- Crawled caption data
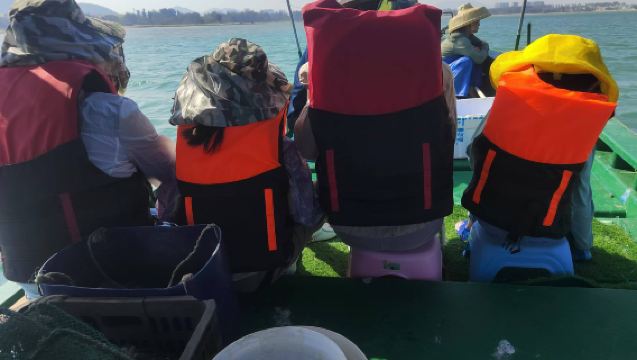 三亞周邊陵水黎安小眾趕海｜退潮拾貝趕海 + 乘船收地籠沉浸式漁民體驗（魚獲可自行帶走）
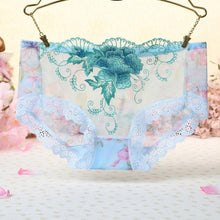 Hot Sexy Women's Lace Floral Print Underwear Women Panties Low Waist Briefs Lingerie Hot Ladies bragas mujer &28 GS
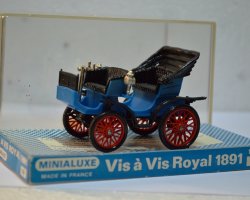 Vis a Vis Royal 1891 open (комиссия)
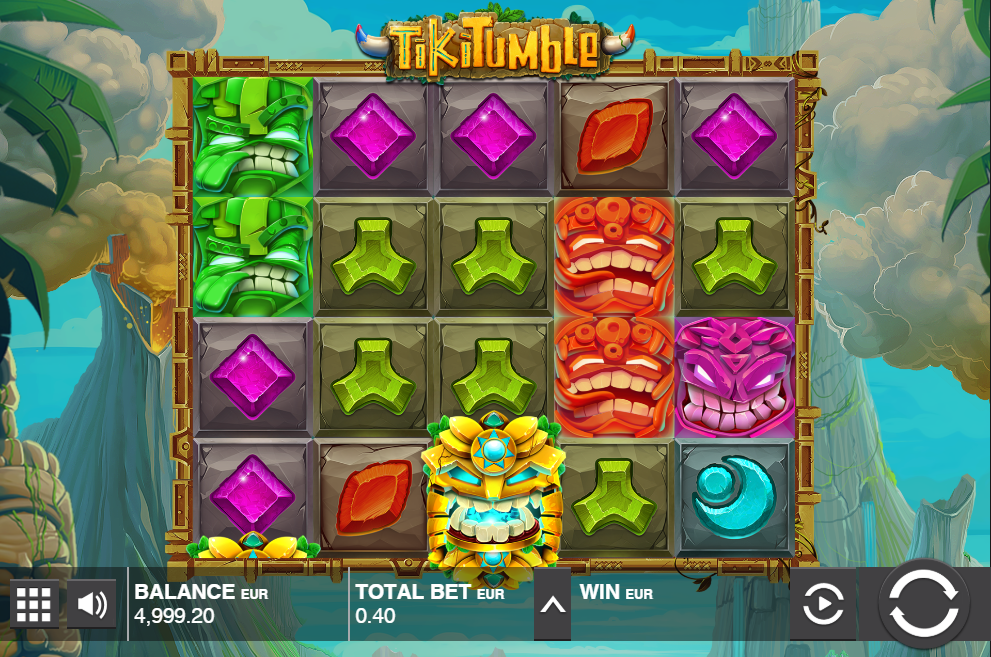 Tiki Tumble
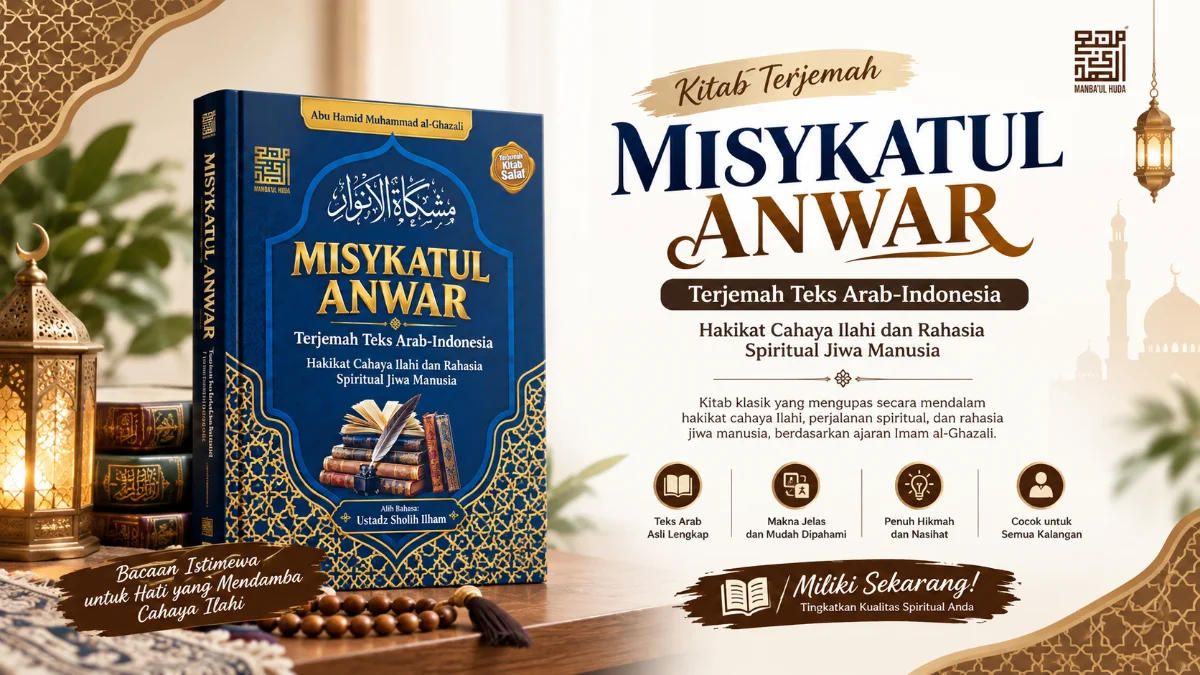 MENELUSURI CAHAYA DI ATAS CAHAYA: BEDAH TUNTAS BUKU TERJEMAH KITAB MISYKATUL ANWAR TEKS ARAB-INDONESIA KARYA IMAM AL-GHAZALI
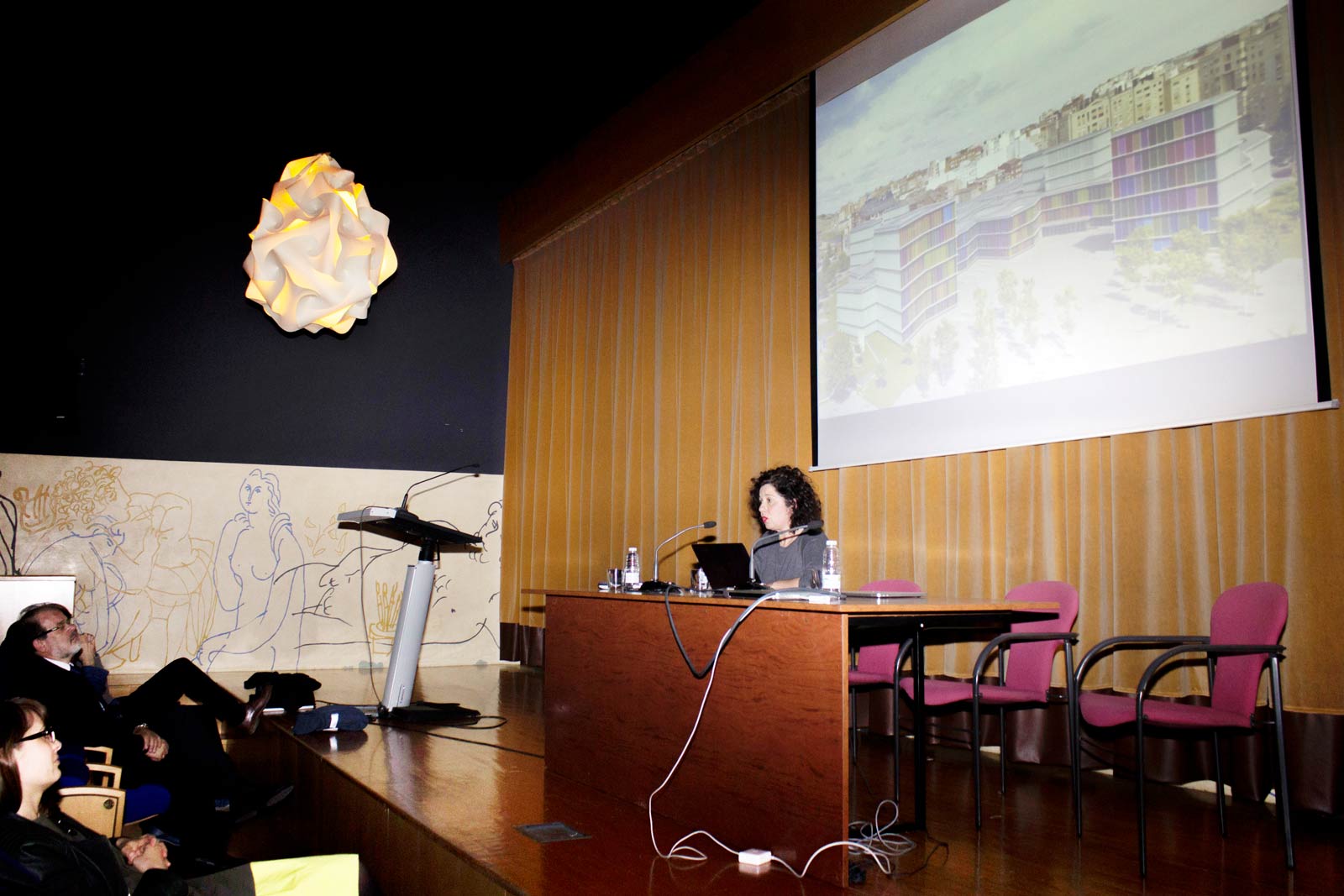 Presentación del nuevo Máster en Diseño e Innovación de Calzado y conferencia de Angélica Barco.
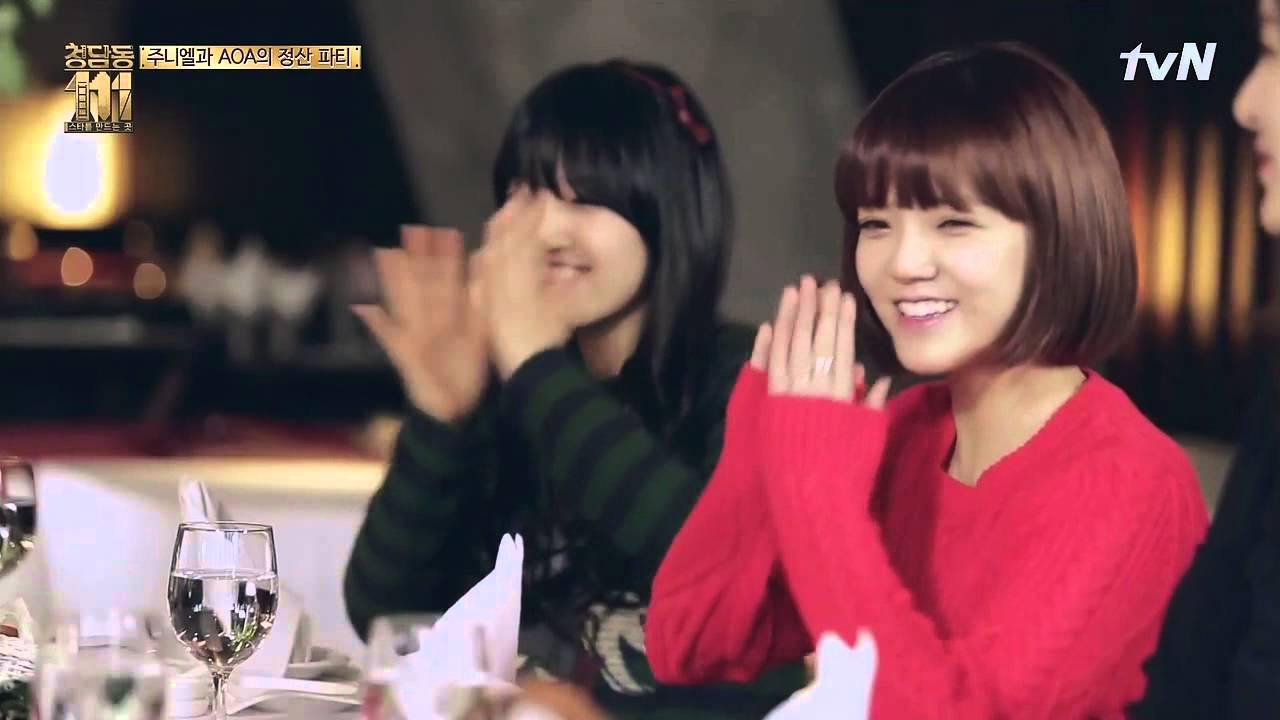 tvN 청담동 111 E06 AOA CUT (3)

- Exercise
Return the lines from the one containing "Tiki Tumble" through the last line of the records, both included, exactly as written and with no pictures.

- Answer
 Tiki Tumble
 MENELUSURI CAHAYA DI ATAS CAHAYA: BEDAH TUNTAS BUKU TERJEMAH KITAB MISYKATUL ANWAR TEKS ARAB-INDONESIA KARYA IMAM AL-GHAZALI
 Presentación del nuevo Máster en Diseño e Innovación de Calzado y conferencia de Angélica Barco.
 tvN 청담동 111 E06 AOA CUT (3)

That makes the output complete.